The Cross is Never a Self-Chosen Way

In Dietrich Bonhoeffer's classic work, The Cost of Discipleship, the German theologian, pastor, and Christian martyr reflects on the scene of a wide-eyed, would-be-disciple who comes to Jesus and declares, "I will follow you anywhere!", noting what a letdown Jesus' response must have been:

“And Jesus said to him, 'Foxes have holes, and birds of the air have nests, but the Son of Man has nowhere to lay his head'" (Luke 9:58).

As Bonhoeffer explains, the problem with this would-be-disciple is that, in his over-eagerness, he has not waited to be called. Or, to put it another way, he's trying to get to the cross on his own.

But the cross is never a self-chosen way.

And that’s exactly what we see Jesus teaching here, in Luke 9: You have no idea what you’re doing. In fact, he could not, because he’s not interested in waiting on the Living Lord. He’s too busy chasing after his own idea of his calling.
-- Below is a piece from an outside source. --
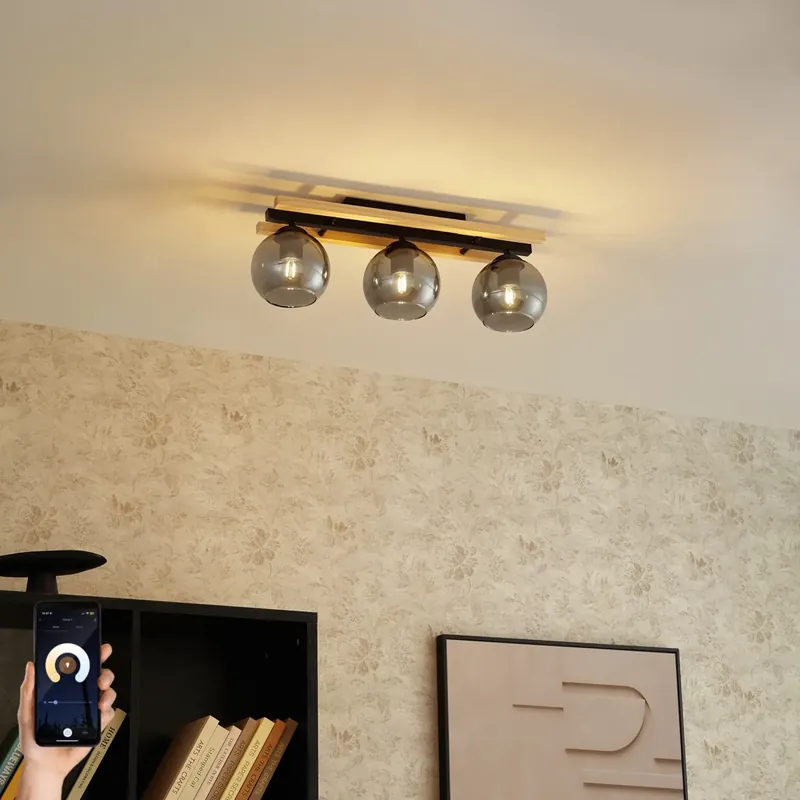 Legkelendőbb Smart Ceiling Lamp Black with Wood and Smoke Glass 3-Lights incl. WiFi A60 - Aleks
This man is speaking to the One who is already on His way to the cross, and yet he has absolutely no idea, because he’s way out in front of Jesus, rather than following after Him. 

As Bonhoeffer writes, “No one can choose such a life for himself” (The Cost of Discipleship, 60). Or, to use language of calling, the Christian can never be self-called.

Is this You, or is this me?

Which brings us back to my original question: What does it mean for the Christian to be called?

Is this radical journey of leaving home, stable career, and community really what God wants for me, or is this just my own doing, out of some sort of self-interested, over-eager attempt to follow Christ?

It depends.

Christ may very well call me to give up my misplaced security for the kind of security found only in Him. And that call may require me to leave behind a job, particular relationships, or a place. Equally, I may also call myself to such a path and refer to it as "Christ's call" or "my calling."

And, of course, any suggestion that such a life is what Christ's call means for all believers everywhere is a complete misunderstanding of the dynamic nature of discipleship.

Not only is it likely that Christ will call me to different needs at different points in my life— rather than coming as a single, static call for my entire life—but Christ's call on your life will inevitably look different than Christ's call on my life, as I suggest at the end of Called:

I hope I am never so naïve as to think the journey of a twenty-something and his wife who left home, community, and their jobs is somehow prescriptive for all Christians everywhere.


Maybe for you being called means following God by staying where you are, but in a way you never have before…[Or] maybe for you, following God will involve leaving everything and going, not knowing exactly where the road is leading, but knowing the road you’re on is the road where he is leading you. Whatever it may look like, the important thing is that you follow…And that when he calls, you go, even if going means staying. Beautiful things happen when God’s people “go” (Called, 242–43).  

So, is this the living Lord's call, or is this my own self-interested call on my life? 

The truth is, it's not always clear. Which means we need to be incredibly careful, deeply honest, and perhaps even a bit agnostic on the question of calling. 

The Importance of the Body

It also means that it makes little sense for any Christian discerning questions of calling to do so in isolation. We need to be attached to the body that is the Church so that othersideally older, committed believers who know us deeply, who are actively seeking God's will in their own lives, and who are willing to be honest with us—can help discern this question.

"We are opaque mysteries to ourselves," my old Professor and theologian Stanley Hauerwas once wrote. And I think that's right. I also think this is just as true of Christ's call on our lives.

We need each other to reflect and discern Christ's call to one another, helping to guard against the threat of a prideful, upside-down humility that leads me to surrender all and simply call that my way of following Christ's call, without regard for the living Christ's actual call on my life, which may very well be calling me to stay.